Duras tenta d’ailleurs, sa vie durant, à partir de nombreux textes, de montrer par ses
livres jusqu’à quel point une enfant, une jeune fille puis une femme peuvent s’offrir à la
mère corps et âme, tentant en vain, jusqu’à l’échec le plus cuisant, de combler sa demande
infinie, ou du moins ce qu’elle crut en apercevoir « certaines fois, certains jours »8, comme
elle l’énonce dans La Vie matérielle. L’œuvre est une mise en forme sans cesse remaniée,
réécrite, réinterprétée de ses positions d’enfant et de jeune fille vis-à-vis de sa mère, une
mère écrite, donc.
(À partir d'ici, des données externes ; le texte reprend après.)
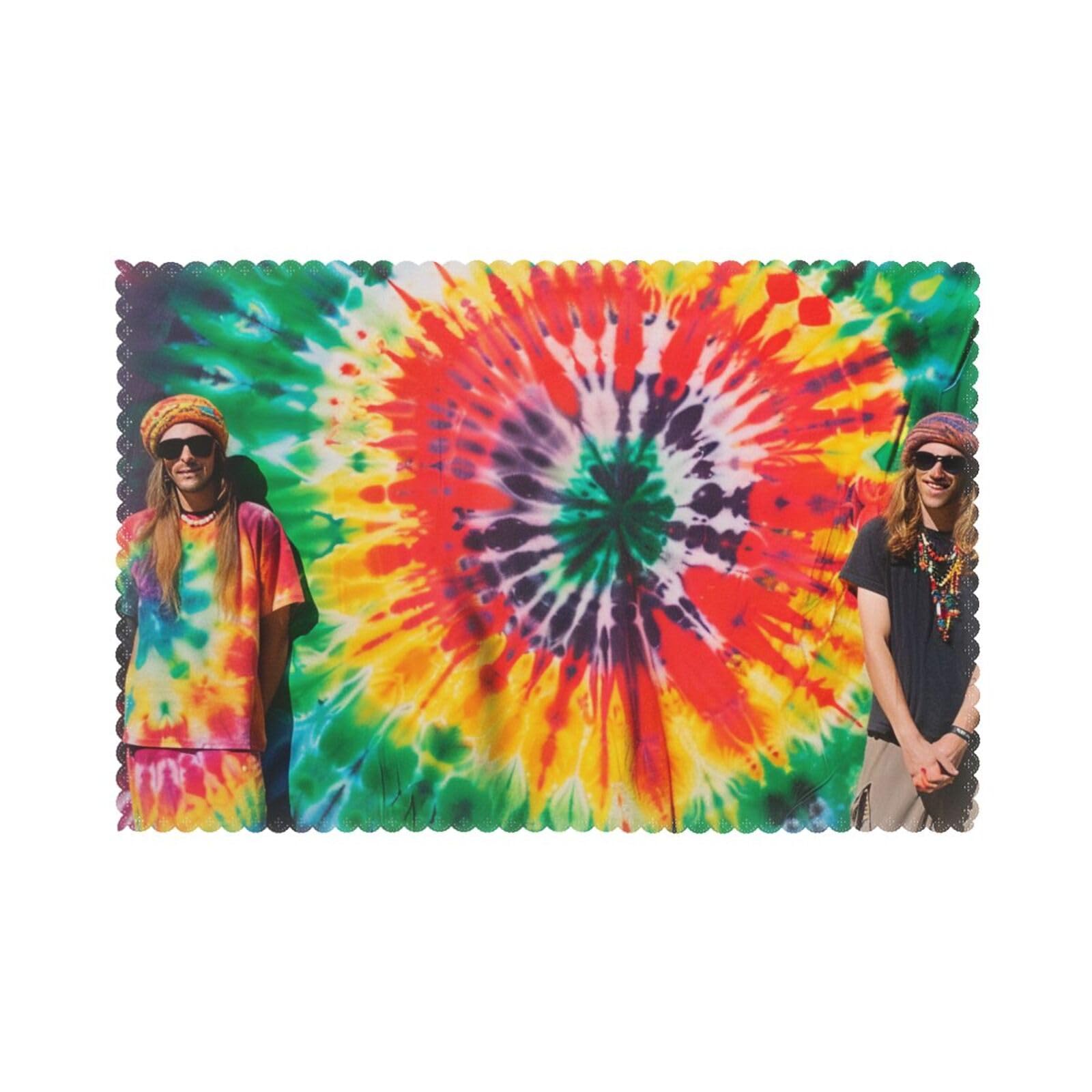 Tie Dye Hippies Printed Placemat Heat Resistant Place Mats Set of 6 PCS Washable Kitchen Table Mats, 12x18 Inch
Une mère-ravage ou une mère-courage selon les textes, l’inspiration,
les âges, découlant du visage de la vraie Marie Donnadieu et de l’effort surhumain qu’elle
s’infligea afin d’atteindre son idéal envisagé comme bien ultime : mettre ses enfants à
l’abri du besoin. Puis, quittant l’enfance, à l’aube de la tourmente pubertaire, Margue-
rite Donnadieu annoncera très tôt à sa mère son désir d’écrire, lui jetant même ce défi
de l’écriture au visage. Effectivement, Marguerite, devenue Duras, écrira et réécrira,

3. Ibid., p. 24.
4. Ibid., p. 45.
5. Ibid., p. 50.
6. Ibid., p. 55.
7. Duras M., Un Barrage contre le Pacifique, Paris, Gallimard, 1992.
8. Duras M., La Vie matérielle, Paris, Gallimard, 1994, p. 9.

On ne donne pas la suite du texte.